LAGOS, September 21 – The most prominent armed group in southern Nigeria, MEND, declared a ceasefire on Sunday following a week of attacks on oil industry targets after launching an "oil war".
"Effective 0100 Hrs, September 21, 2008, exactly one week (since) we launched our reprisal, MEND will begin a unilateral ceasefire till further notice," the Movement for the Emancipation of the Niger Delta said in a statement.
The ceasefire comes after MEND claimed a series of attacks particularly targeting Royal Dutch Shell.
Shell confirmed only two of the six attacks claimed by the group.
The company on Friday declared force majeure on exports from the Bonny terminal to release it from contractual delivery obligations as a result of the attacks.

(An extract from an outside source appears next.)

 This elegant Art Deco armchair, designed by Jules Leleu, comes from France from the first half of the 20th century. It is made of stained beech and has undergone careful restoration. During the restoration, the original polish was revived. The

On Saturday, MEND said it had destroyed a pipeline run by Shell the previous day.
Oil and gas account for 90 percent of foreign exchange earnings in Nigeria, Africa\’s most populous nation with 140 million people.
Production currently ranges between 1.8 million and two million barrels per day compared with 2.6 million bpd two years ago, with unrest having taken a toll on output.
MEND declared "war" on the oil industry a week ago in what it said was a response to an attack by the Nigerian army on its positions.
It warned in its statement on Sunday that it would end the ceasefire if attacked again.
"We hope that the military has learnt a bitter lesson," the statement said. "The next unprovoked attack will start another oil war".
MEND contends that the oil wealth of Nigeria — now Africa\’s second largest petroleum exporter after recently being overtaken by Angola — does not sufficiently benefit the local population.